In this First Break article, published in October 2024, TGS experts present a novel workflow for developing a basin-scale stratigraphic architecture for defining the major saline reservoirs and sealing units within a basin.

Introduction

Carbon Capture and Storage (CCS) is a proven and safe technology that involves capturing (purifying) carbon dioxide (CO2) released from point emission sources or directly removed
from the atmosphere, compressing it for transportation and then injecting it into a carefully selected subsurface reservoir for permanent storage. The success of CO2 storage relies heavily on the identification and characterisation of suitable subsurface reservoirs for secure and permanent storage. Geologic formations, whether they are depleted hydrocarbon or deep saline reservoirs, present unique challenges and opportunities for CO2 storage. The advantages of saline reservoirs over depleted hydrocarbon reservoirs include potential access to a large volume of available pore space, and a smaller number of well penetrations, which results in reduced risks of potential leakage pathways through these wells. However, the lack of comprehensive reservoir data in saline reservoirs increases uncertainty in defining reservoir confinement, cap rock integrity, and fluid flow behaviour. Therefore, saline reservoir storage assessment requires comprehensive reservoir characterisation and modelling to be carried out before large-scale CO2 storage planning is possible.

Formation Tops Picker Image - Cropped

Figure: Regional cross-sectional view of Spontaneous Potential (SP) logs displaying depositional units for basin-scale mapping. The application enabled interactive interpretation of 12 formation tops across the study area and direct saving of standardised names and cross-section numbers to a cloud database for further quality assurance.

Some important parameters to consider for subsurface CO2 storage are depth of injection and density of CO2, which is dependent on subsurface temperature and pressure.
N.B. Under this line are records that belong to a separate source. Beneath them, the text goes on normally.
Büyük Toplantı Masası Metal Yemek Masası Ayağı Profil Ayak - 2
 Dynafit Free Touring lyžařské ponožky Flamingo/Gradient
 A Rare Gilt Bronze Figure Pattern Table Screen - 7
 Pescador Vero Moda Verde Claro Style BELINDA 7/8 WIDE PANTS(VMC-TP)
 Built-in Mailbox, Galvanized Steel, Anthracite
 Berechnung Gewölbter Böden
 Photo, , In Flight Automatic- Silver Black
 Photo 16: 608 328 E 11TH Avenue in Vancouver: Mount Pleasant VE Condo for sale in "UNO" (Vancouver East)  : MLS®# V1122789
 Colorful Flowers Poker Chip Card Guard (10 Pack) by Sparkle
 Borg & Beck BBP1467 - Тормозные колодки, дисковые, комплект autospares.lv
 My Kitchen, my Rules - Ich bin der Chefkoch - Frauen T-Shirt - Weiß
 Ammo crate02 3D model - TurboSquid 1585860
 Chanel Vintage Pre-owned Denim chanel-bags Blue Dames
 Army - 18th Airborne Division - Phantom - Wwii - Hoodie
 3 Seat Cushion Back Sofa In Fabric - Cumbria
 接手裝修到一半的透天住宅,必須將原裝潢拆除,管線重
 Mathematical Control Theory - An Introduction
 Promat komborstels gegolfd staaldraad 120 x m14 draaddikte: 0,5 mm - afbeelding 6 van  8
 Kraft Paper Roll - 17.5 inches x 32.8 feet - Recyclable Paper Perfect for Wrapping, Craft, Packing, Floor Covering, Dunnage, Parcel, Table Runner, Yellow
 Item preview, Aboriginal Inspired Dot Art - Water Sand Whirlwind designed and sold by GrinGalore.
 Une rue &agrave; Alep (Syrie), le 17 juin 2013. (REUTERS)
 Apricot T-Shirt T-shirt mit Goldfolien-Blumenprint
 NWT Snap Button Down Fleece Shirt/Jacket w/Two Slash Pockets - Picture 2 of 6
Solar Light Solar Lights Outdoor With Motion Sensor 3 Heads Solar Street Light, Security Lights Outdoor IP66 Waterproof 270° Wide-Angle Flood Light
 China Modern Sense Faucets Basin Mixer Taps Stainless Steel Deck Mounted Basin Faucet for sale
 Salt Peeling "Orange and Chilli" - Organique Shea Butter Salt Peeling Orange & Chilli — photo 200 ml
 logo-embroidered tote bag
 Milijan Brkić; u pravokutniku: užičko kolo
The densityof CO2 increases with pressure at temperatures above critical conditions (Klins and Bardon, 1991). At about 1084 psi pressure and 88°F temperature, CO2 reaches a supercritical state (Qi et al., 2010), after which the volume decreases dramatically with depth, along with the increase in CO2 density. These conditions generally correspond to a depth of around 2600 to 3000 ft. In a supercritical state, CO2 acts as a gas-like compressible fluid, resulting in complete pore volume utilisation and mobility within a reservoir (Ketzer et al., 2012), with a liquid-like density. The main advantage of storing CO2 in a supercritical state is that the required storage volume is substantially less than what it would be at surface conditions (Donaldson, 2021). Most of the onshore and offshore sedimentary basins in North America have sufficient data for subsurface evaluation to identify regional fairways for CO2 storage. Integration of geological, geophysical, and petrophysical assessment from the well log data helps in evaluating deep saline reservoir zones for their storage suitability. The initial step in any subsurface assessment is to accurately map the geological units at the well level. This involves correlating these units along strike and dip-oriented sections to understand their distribution and variability across the basin. Building a basin-scale stratigraphic framework by correlating a large number of geophysical well logs is a crucial but labor-intensive process. This task is especially challenging in the study area allows ample opportunity for mapping and characterisation of the key geologic units for subsurface CO2 storage.